According to a recent study, single women now make up about 47 percent of the condominium market. Why are condos so popular with women?
Try security, convenience, and near-maintenance free living.
For single women living alone, many condominiums offer such security features as round-the-clock doormen, a live-in engineer (or two, if there are several condo buildings on the property), and either attached, enclosed, or gated parking.
The convenience factor is important as well. In many condo developments, someone is there to receive packages, dry cleaning, and other deliveries. Larger condominium properties may offer a small grocery store, dry cleaners, car washing, and other services that make life a little easier for working women.
Single family homes require ongoing maintenance. Your house may need painting every three to five years, and weekly yard work. If you live in a snowy climate, there’s winter work as well.
While you’re financially responsible for the maintenance and upkeep of a condominium’s common area, typically condo associations oversee the day-to-day management of the property. So if the roof leaks, individual condo owners aren’t called upon to find someone to fix it. (Of course, if you want to volunteer for the maintenance committee, you’ll probably be welcome.)
But if you’ve never lived in a condominium (or co-op) before, protect yourself by checking out these items before you make your offer:
Building rules and regulations. Most condos have a long list of association rules and regulations by which you’ll have to agree to abide if you purchase in the building. These rules may limit the number, type, and weight of pets; how many visitors you can have at any one time; how often – and for how long – you can rent out your unit (if at all); when and how you can reserve the patio, sundeck, party room, or building barbeque grill; when you can have work done in your unit; and, what day you can close and move into your unit. Ask the listing broker for the complete set of building rules and regulations.
Noisy – and nosy – neighbors. If you’re going to live happily in a condominium, you’ll need to like aggregate living – that is, having neighbors above, below and on the sides. Neighbors can be noisy, so it’s best to visit the unit you like at various times of the day and evening to assess the noise factor. Make sure you find out who will be living above and below, and which of your walls would adjoin which of your neighbor’s rooms. While it’s unlikely your neighbors will have their ears pressed up against those adjoining walls, expect some building gossip to filter your way as your meet and get to know your neighbors. If the idea that people you don’t know will be talking about you, you may wish to rethink your condo plans.

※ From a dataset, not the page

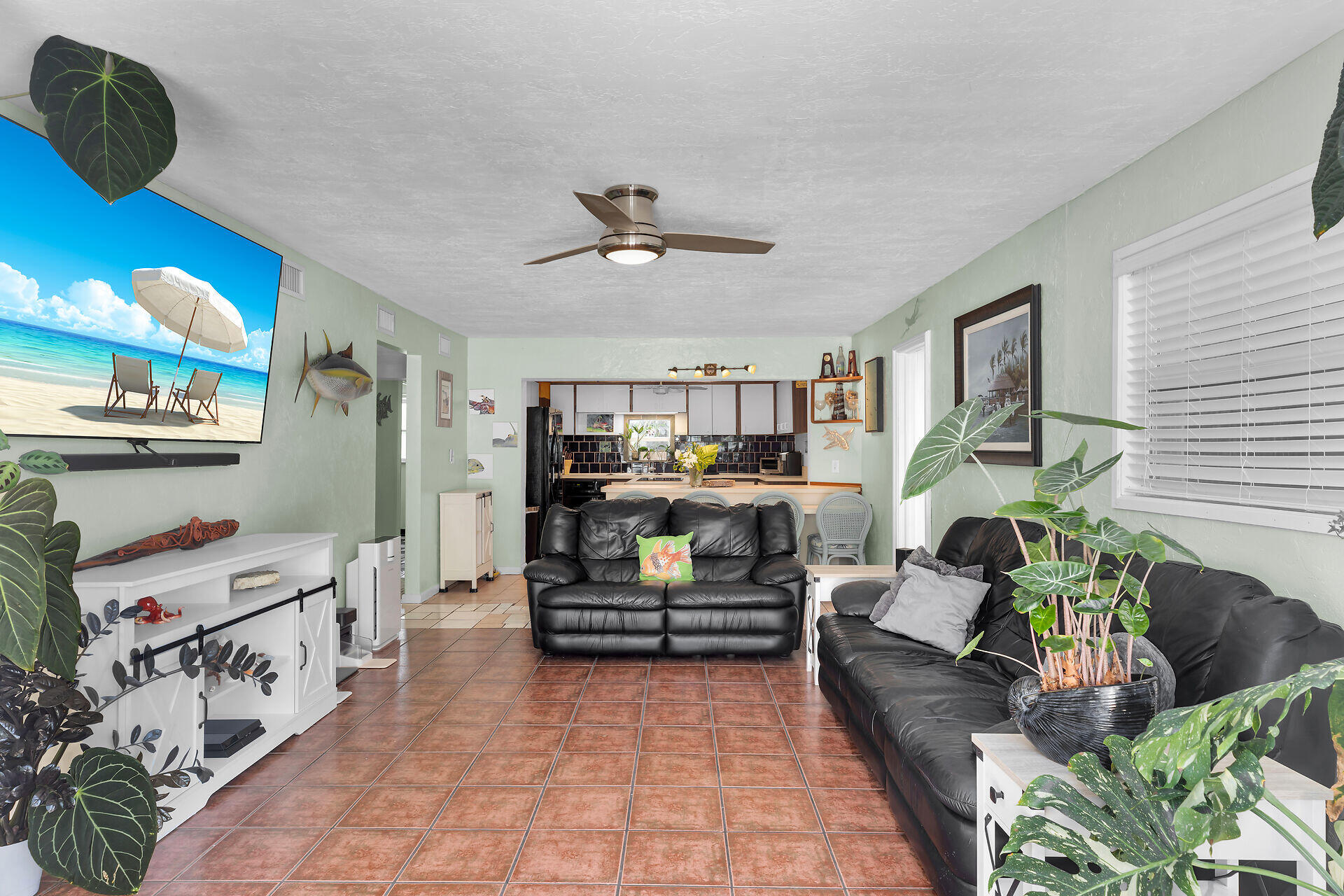 16 Janet Place Key Largo, FL 33037 - Photo 7 of 29 a living room with furniture and wooden floor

Minutes and budgets. Ask to see the past two years worth of condo board meeting minutes, as well as the last two years’ of budgets and the current year’s projected budget. Read the minutes carefully to find out whether there are any large-scale improvement projects that the building is planning, and how much those might cost. You should also look for signs that a special assessment (a fee levied above and beyond your monthly assessment) is in the works. Is the building fiscally responsible? Take a look at the line-item budget and whether or not the building is able to accurately project its annual maintenance costs.
Mortgages and assessments. Typically, a condominium will levy a monthly assessment to pay for common area elements, such as the lobby, parking lot, security, and any building employees, such as doormen, parking lot attendants or building engineers. What many first-time condo buyers don’t realize is that the amount of your monthly assessment has a direct impact on how much you can afford to spend on your mortgage. For example, if your lender said you could spend $1,000 per month on your mortgage, homeowner’s insurance premium and real estate taxes, and the monthly assessment of the condo you want to buy is $150, you’ll only be able to spend $850 on your mortgage, taxes and insurance. In other words, the amount of the assessment is subtracted from the total amount you can spend on your mortgage, taxes and insurance.
Price appreciation. Generally, condominiums appreciate less quickly than single family homes. But that national information doesn’t mean as much on the local level. For example, if you look in a neighborhood in which there are only condominiums, your condo should appreciate at the neighborhood rate. Some neighborhoods that are made up mostly of condos have shown some of the strongest price appreciation over the past five years.
Know your neighborhood. Condominiums tend to be located in urban areas where either young, working families or empty-nester couples reside. Make sure you know your neighborhood inside and out before you make an offer on a condominium. Because as hard as it is to move a house from its location, it sure is easier than trying to move a 50-unit condo building.